Following the interview, Pfeiffer tweeted "Before folks quoting me out of context get too far ahead of themselves, of course the law matters, IRS conduct is wrong even if legal."

Pfeiffer said that there was "absolutely not" any communication between the White House and IRS to exert pressure to more closely scrutinize conservative groups applying for tax-exempt status. He added that while the White House would cooperate with Congress in investigating the matter, it would not participate in "partisan fishing expeditions."

"We are going to work with Congress, as the president said, in legitimate oversight," Pfeiffer said. "What we're not going to participate in is partisan fishing expeditions designed to distract from the real issues at hand."

Sen. Rob Portman, R-Ohio, who appeared on "This Week" following Pfeiffer, said that in addition to congressional committee investigations now taking place, he believed a special counsel will be needed to look into the actions of the IRS.

"I also think a special counsel is going to end up being necessary here, because it has to be independent of the White House. What we do know is that politics was put ahead of the public interest, " Portman said.

"I just find it very hard to believe that lower-level employees here in Cincinnati, Ohio took this on themselves. And that it went on for a couple of years without anybody knowing about it," Portman said of claims that the additional scrutiny of conservative groups was centered in one IRS office in Cincinnati, without direction from Washington.

Rep. Tom Price, R-Ga., described the targeting of conservative groups as "really chilling stuff," and said Congress will continue to investigate the matter.

"I think it's really important to appreciate what Senator Portman started with and that was that the IG report was an audit, it was not an investigation," Price said of the Treasury Inspector General report released last week. "This is just the beginning of this process. And we need to get to the bottom of it.
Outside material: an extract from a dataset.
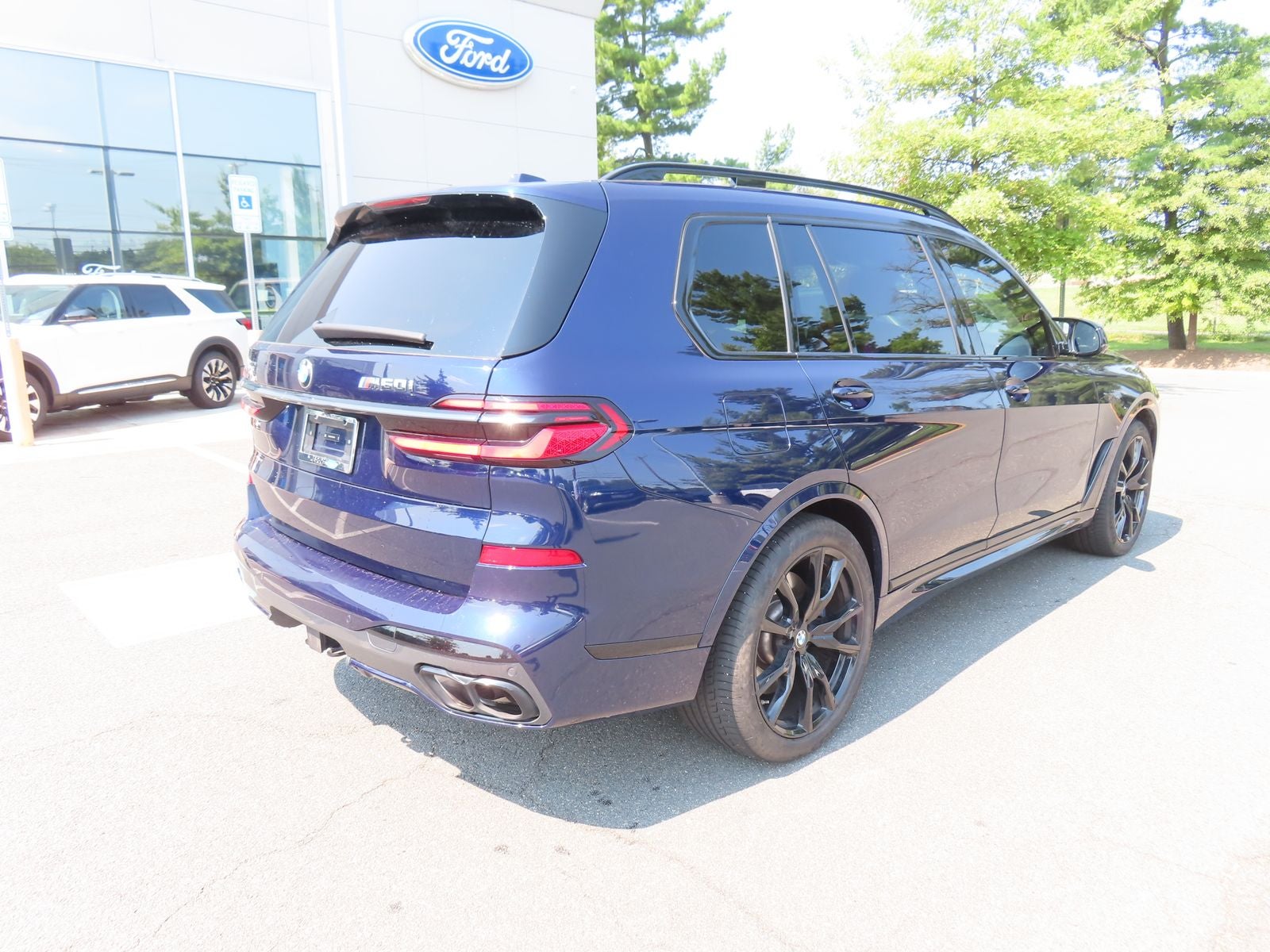 2024 BMW X7 M60i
We need to find out who made those decisions, hold them to account and see how high up the chain it went. And that's exactly what we'll do."

But Price said it was too early to say if a special counsel would be needed.

"I think it's premature to determine that. I do believe that the committees of jurisdiction in the House and in the Senate need to continue their investigation and determine exactly who made these decisions," he said.